Analysis 1: The Impact of Demographic Factors on Greeting Strangers
Statement of the Research Question:
How do demographic factors—such as age, gender, and province—affect the frequency of greeting strangers?

This question aims to explore whether certain demographic characteristics correlate with the likelihood of greeting strangers. Understanding these associations can reveal whether specific social behaviors vary by age, gender, or region, which could provide insights into cultural or regional differences in social habits. By examining these factors, the analysis seeks to determine if demographic variables can predict how frequently people engage in friendly, spontaneous social interactions.

Variables and Exploration Plan

    Dependent Variable: Frequency of greeting strangers (CONNECTION_activities_greeted_stranger_p3m). This variable likely represents ordinal data, indicating how frequently individuals greet strangers (such as "monthly," "weekly," "daily"). Since it's ordinal, certain analyses (like ordinal regression) will be more appropriate to capture the relative ranking.

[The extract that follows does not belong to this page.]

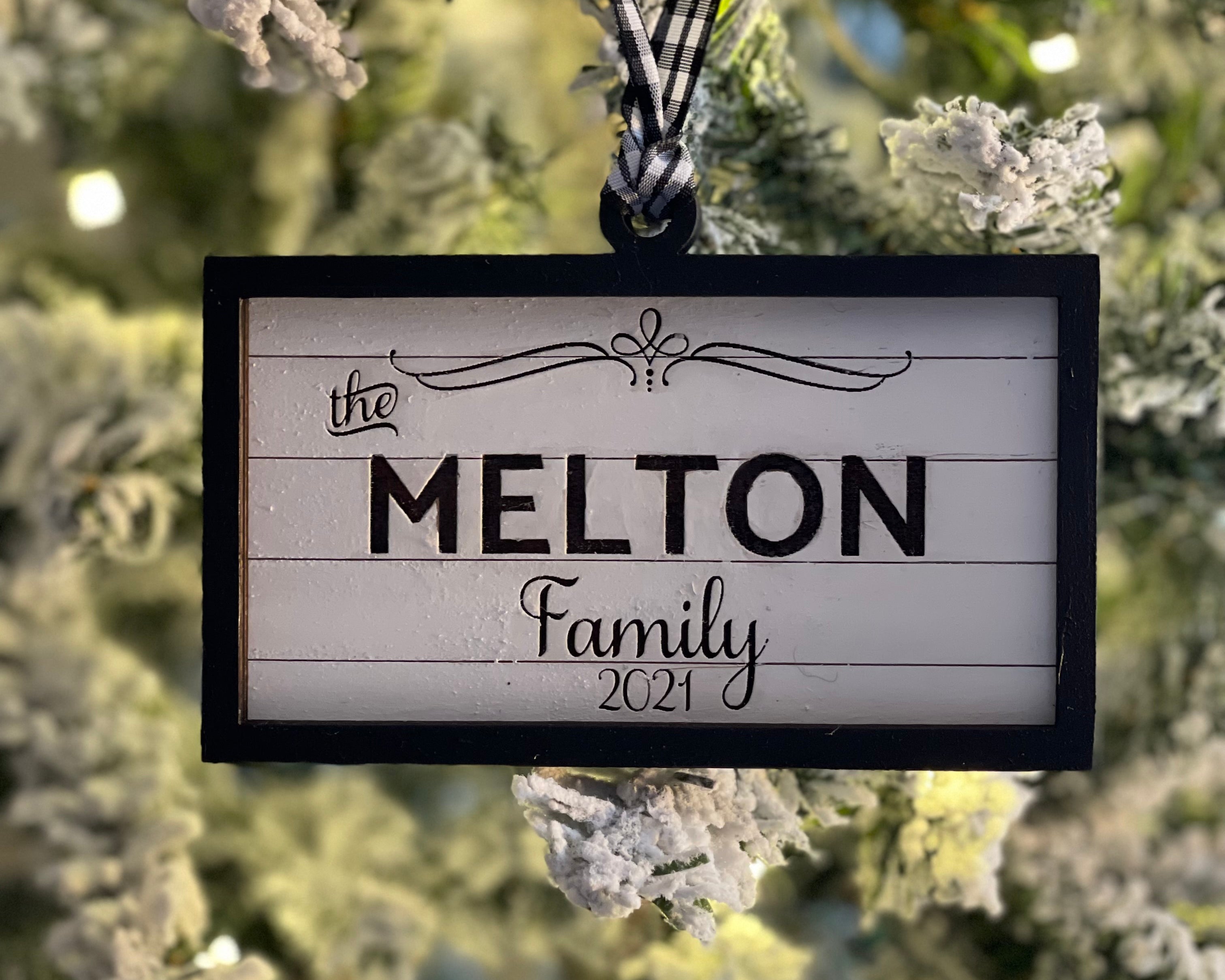 This laser engraved family last name ornament is engraved on a shiplap background with the year 2021 added.  Choose to add a year, est date or leave blank.  Perfect for any gift or as an added embellishment on any package.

    Independent Variables:
    Age (DEMO_age): As a continuous variable, age is used to see if people in different age brackets have varying social habits. We will examine this by categorizing age groups (such as young adults, middle-aged, seniors) if necessary.
    Gender (DEMO_gender): This nominal categorical variable (such as Male, Female, Non-binary) will allow us to examine if greeting strangers varies across genders.
    Province (GEO_province): This nominal categorical variable indicates the region within the country. Cultural and regional differences might affect social behaviors, so this variable will help assess any geographical patterns.

Visualization:
    Bar Plots for gender and province will display the distribution of greeting frequency across each category. These plots will help identify any obvious variations between groups.
    Box Plots for age can reveal how greeting frequency changes across age groups by displaying the distribution, median, and potential outliers, which are helpful for continuous data like age.

Summary Statistics: Using to compute means and counts within each demographic category will allow us to quickly observe central tendencies and variations, which could hint at associations before formal analysis.(df.groupby)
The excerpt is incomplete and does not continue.